JPMorgan Chase analyst Steven Alexopoulos on Tuesday said that "in the backdrop of a slowing economy and the fiscal cliff, as people and companies continue to innovate, we see SIVB as one of the few banks positioned to post strong loan growth, with a 3-year avg loan [compounded annual growth rate] of 20.3% (vs. peers at 0.3%) likely to remain intact."
That's an amazingly strong loan growth rate during a sluggish economic recovery, and "with loan growth being one of the very few remaining tools left in the industry's toolkit to combat the [net interest margin, or NIM] storm, SIVB is also well positioned from a NIM perspective," according to Alexopoulos.

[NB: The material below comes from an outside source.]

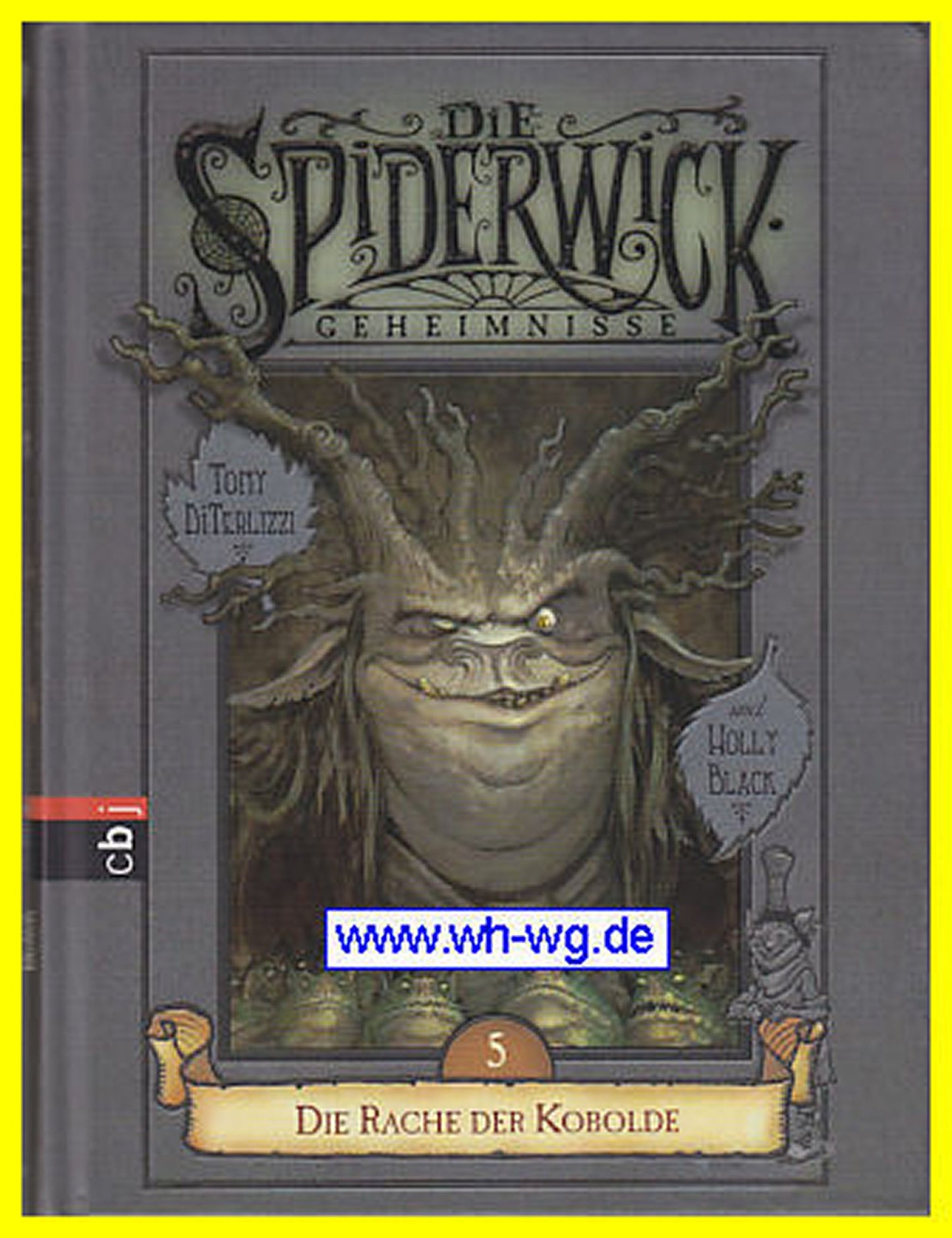 Die Spiderwick Geheimnisse, Bd. 5. Die Rache der Kobolde.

SVB Financial is the holding company for Silicon Valley Bank, which has offices in the United Kingdom, Israel, China and India, in addition to 27 offices throughout the United States.The company focuses on lending to technology companies, providing multiple services to venture capital and private equity firms that invest in tech and biotech, and also on private banking services for high net worth individuals, in its home market in the Silicon Valley area. SVB Financial had $21.6 billion in total assets as of Sept. 30. The company reported third-quarter net income available to common shareholders of $42.3 million, or 94 cents a share, declining from $47.6 million, or $1.06 a share, in the second quarter, but increasing from $37.6 million, or 86 cents a share, during the third quarter of 2011. Earnings were down sequentially because SVB in the second quarter booked "pre-tax gains of $5.0 million from the sale of certain available-for-sale securities and pre-tax gains of $4.2 million from the sale of certain assets related to our equity management services business." Excluding the gains, second-quarter earnings would have been $42.1 million, or 94 cents a share. The company's total loans grew 5% sequentially and 29% year-over-year, to $8.2 billion, as of Sept. 30. Third-quarter net interest income was $154.4 million, increasing from $151.9 million the previous quarter, and $135.5 million, a year earlier. The net interest margin -- the difference between the average yield on loans and investments and the average cost for deposits and borrowings -- was a tax-adjusted 3.12%, narrowing from 3.22% in the second quarter, but down only slightly from 3.13% in the third quarter of 2011. The company said that the narrowing of the margin was "primarily due to a decrease in the overall yield of our loan and available-for-sale securities portfolios," and that "the decrease in yields was partially offset by growth in average loan balances, which has resulted in a favorable change in our mix of interest-earning assets."